*** Begin section ***

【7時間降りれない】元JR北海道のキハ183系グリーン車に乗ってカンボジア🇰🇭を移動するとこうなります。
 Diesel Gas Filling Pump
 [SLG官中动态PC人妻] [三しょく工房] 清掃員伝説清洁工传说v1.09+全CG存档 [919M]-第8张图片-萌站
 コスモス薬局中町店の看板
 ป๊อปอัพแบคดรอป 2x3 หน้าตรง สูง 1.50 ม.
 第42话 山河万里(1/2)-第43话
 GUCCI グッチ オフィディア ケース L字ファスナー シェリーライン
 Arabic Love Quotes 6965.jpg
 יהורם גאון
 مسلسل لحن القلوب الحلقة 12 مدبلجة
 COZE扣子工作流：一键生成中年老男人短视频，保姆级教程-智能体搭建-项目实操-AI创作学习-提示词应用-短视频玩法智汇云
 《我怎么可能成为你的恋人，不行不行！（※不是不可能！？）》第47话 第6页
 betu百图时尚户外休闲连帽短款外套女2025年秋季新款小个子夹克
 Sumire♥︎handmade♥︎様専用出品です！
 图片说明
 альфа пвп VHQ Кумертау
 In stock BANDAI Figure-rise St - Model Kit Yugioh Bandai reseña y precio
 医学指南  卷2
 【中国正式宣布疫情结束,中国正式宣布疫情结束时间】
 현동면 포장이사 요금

*** End section ***

## Description of the task
Every record above has to appear again, word for word.

## Answer area
【7時間降りれない】元JR北海道のキハ183系グリーン車に乗ってカンボジア🇰🇭を移動するとこうなります。
 Diesel Gas Filling Pump
 [SLG官中动态PC人妻] [三しょく工房] 清掃員伝説清洁工传说v1.09+全CG存档 [919M]-第8张图片-萌站
 コスモス薬局中町店の看板
 ป๊อปอัพแบคดรอป 2x3 หน้าตรง สูง 1.50 ม.
 第42话 山河万里(1/2)-第43话
 GUCCI グッチ オフィディア ケース L字ファスナー シェリーライン
 Arabic Love Quotes 6965.jpg
 יהורם גאון
 مسلسل لحن القلوب الحلقة 12 مدبلجة
 COZE扣子工作流：一键生成中年老男人短视频，保姆级教程-智能体搭建-项目实操-AI创作学习-提示词应用-短视频玩法智汇云
 《我怎么可能成为你的恋人，不行不行！（※不是不可能！？）》第47话 第6页
 betu百图时尚户外休闲连帽短款外套女2025年秋季新款小个子夹克
 Sumire♥︎handmade♥︎様専用出品です！
 图片说明
 альфа пвп VHQ Кумертау
 In stock BANDAI Figure-rise St - Model Kit Yugioh Bandai reseña y precio
 医学指南  卷2
 【中国正式宣布疫情结束,中国正式宣布疫情结束时间】
 현동면 포장이사 요금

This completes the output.